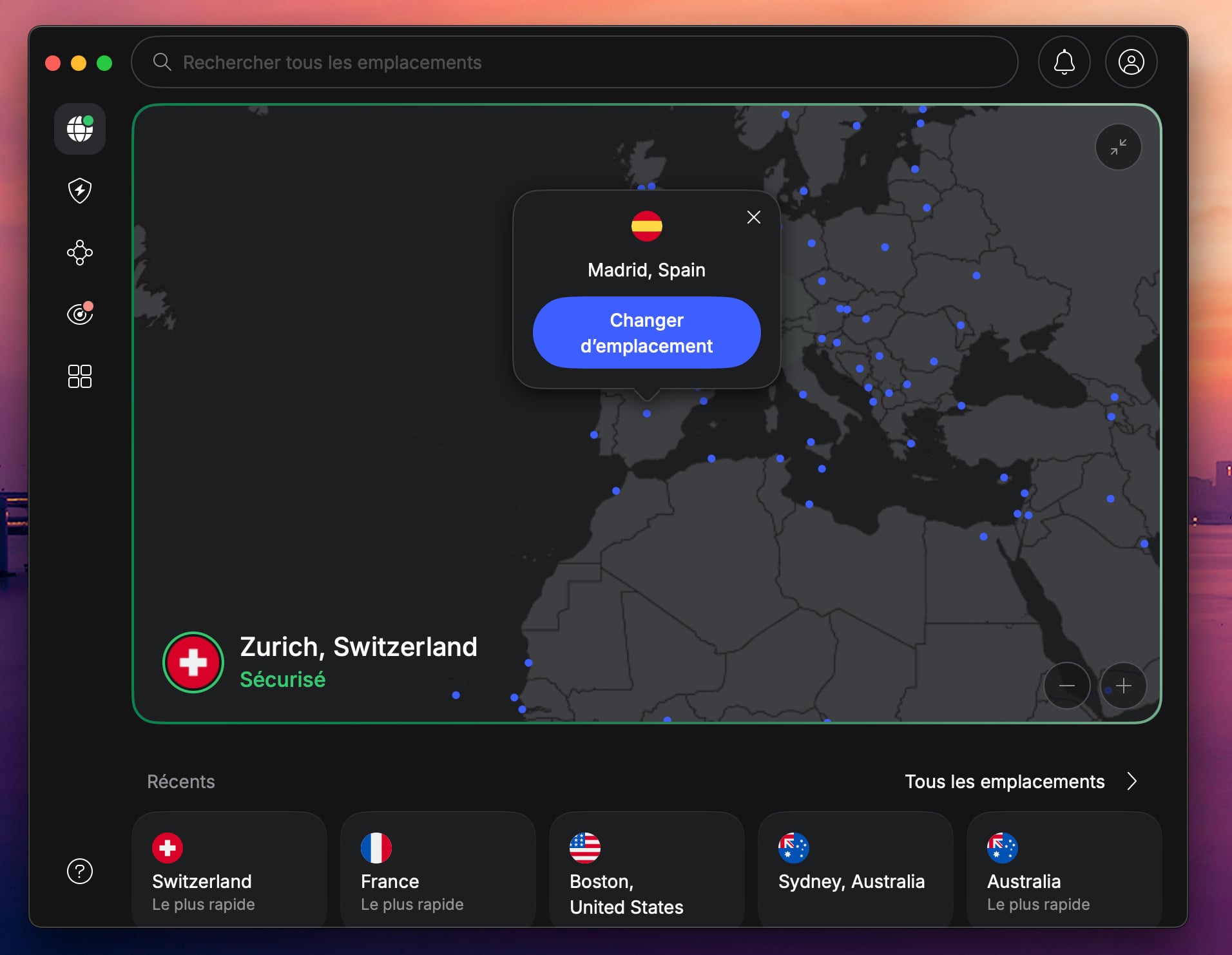 Nordvpn Ordinateur Carte Selection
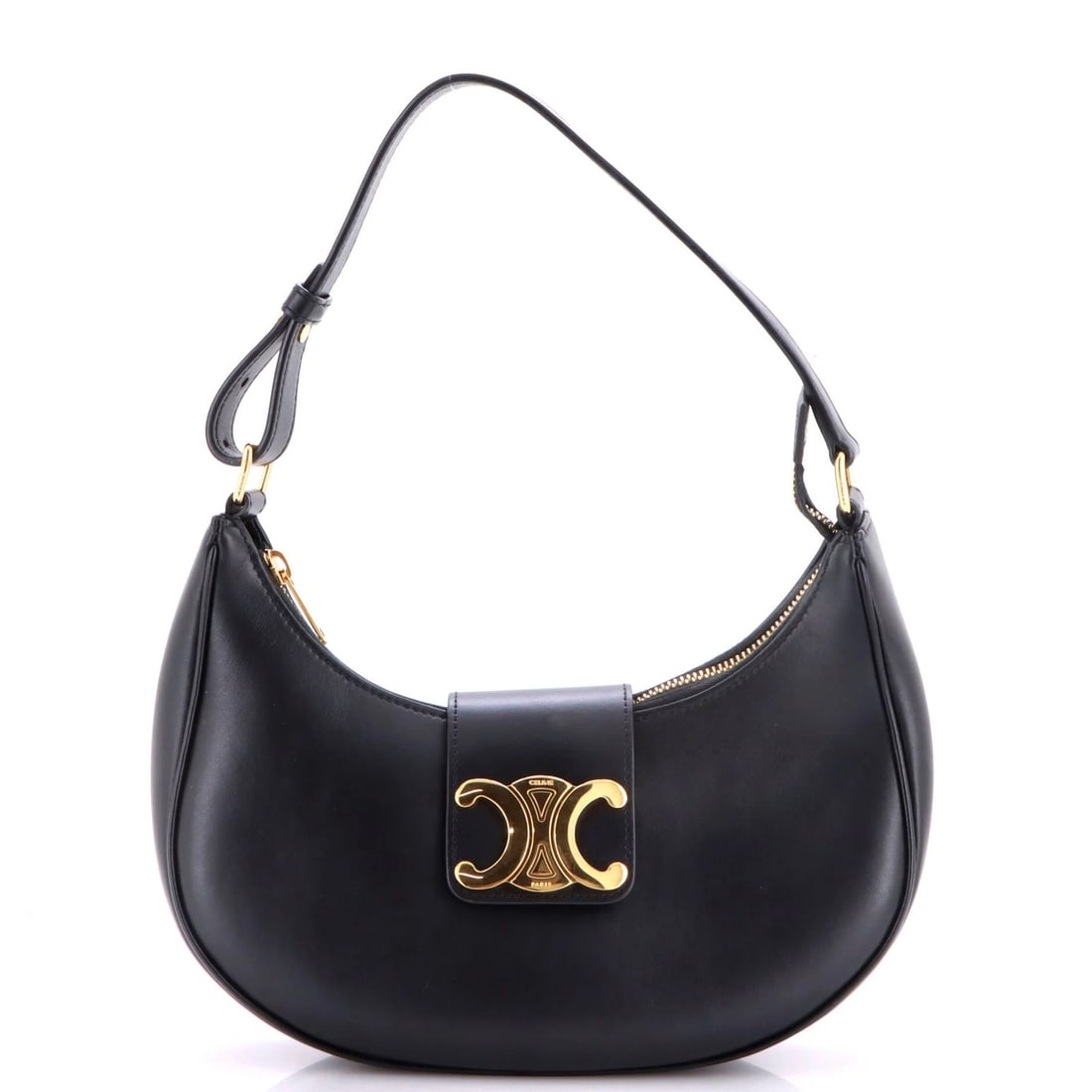 Leather Celine Bag Ava Triomphe: Leather Celine Bag Ava Triomphe Black leather Celine Ava Triomphe shoulder bag with gold hardware, featuring a classic design and subtle scuffs and edge wear on the exterior. The interior boasts suede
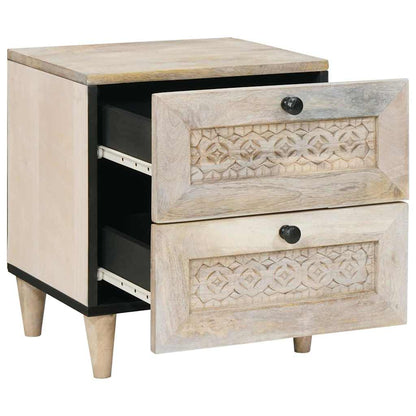 Bedside Table 2 pcs Beige 40 x 33 x 46 cm Solid mango wood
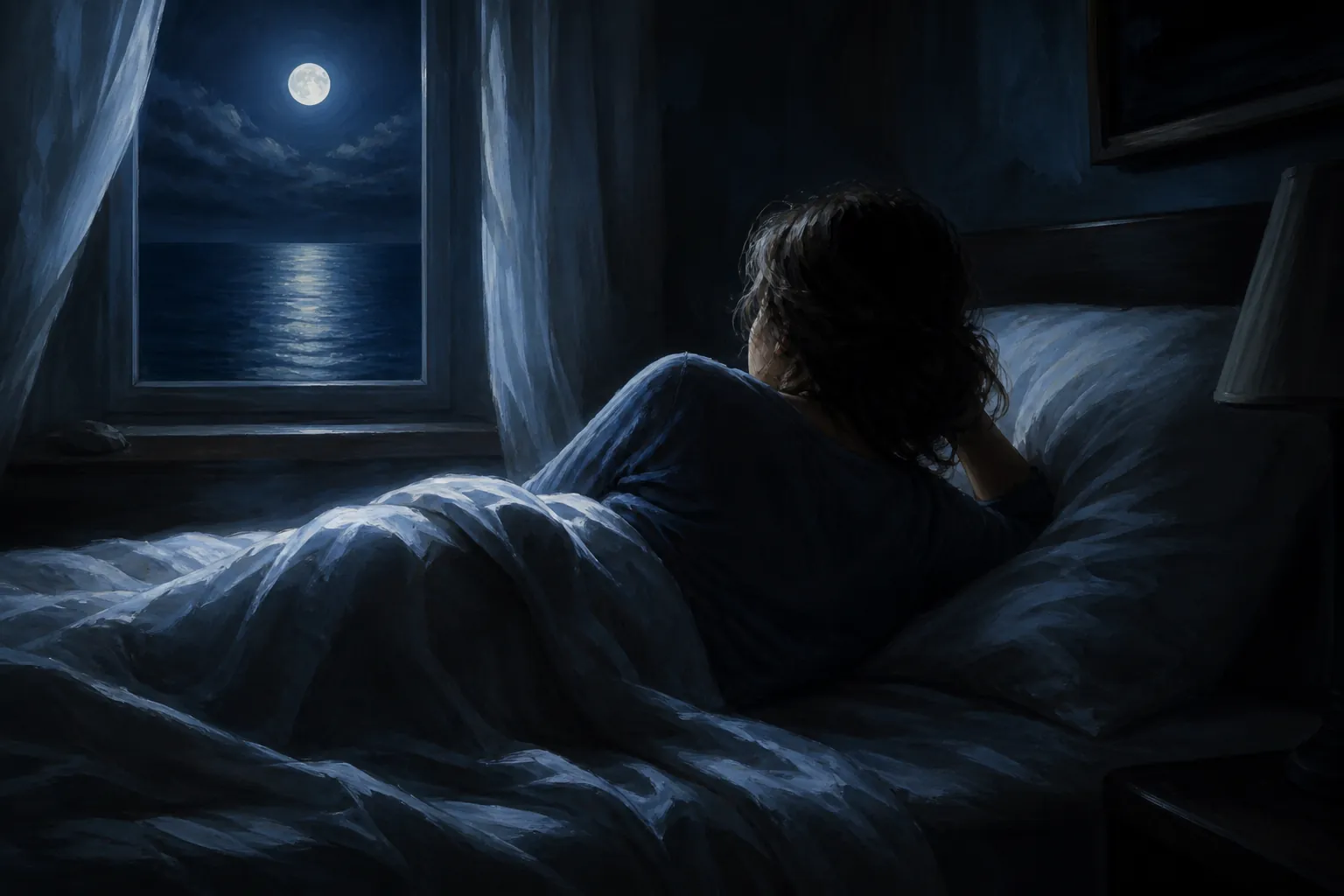 Woman awake in bed under cool full-moon light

» What is needed: Transcribe the listing word for word, but keep its pictures out of the copy.

» Response:
 Nordvpn Ordinateur Carte Selection
 Leather Celine Bag Ava Triomphe: Leather Celine Bag Ava Triomphe Black leather Celine Ava Triomphe shoulder bag with gold hardware, featuring a classic design and subtle scuffs and edge wear on the exterior. The interior boasts suede
 Bedside Table 2 pcs Beige 40 x 33 x 46 cm Solid mango wood
 Woman awake in bed under cool full-moon light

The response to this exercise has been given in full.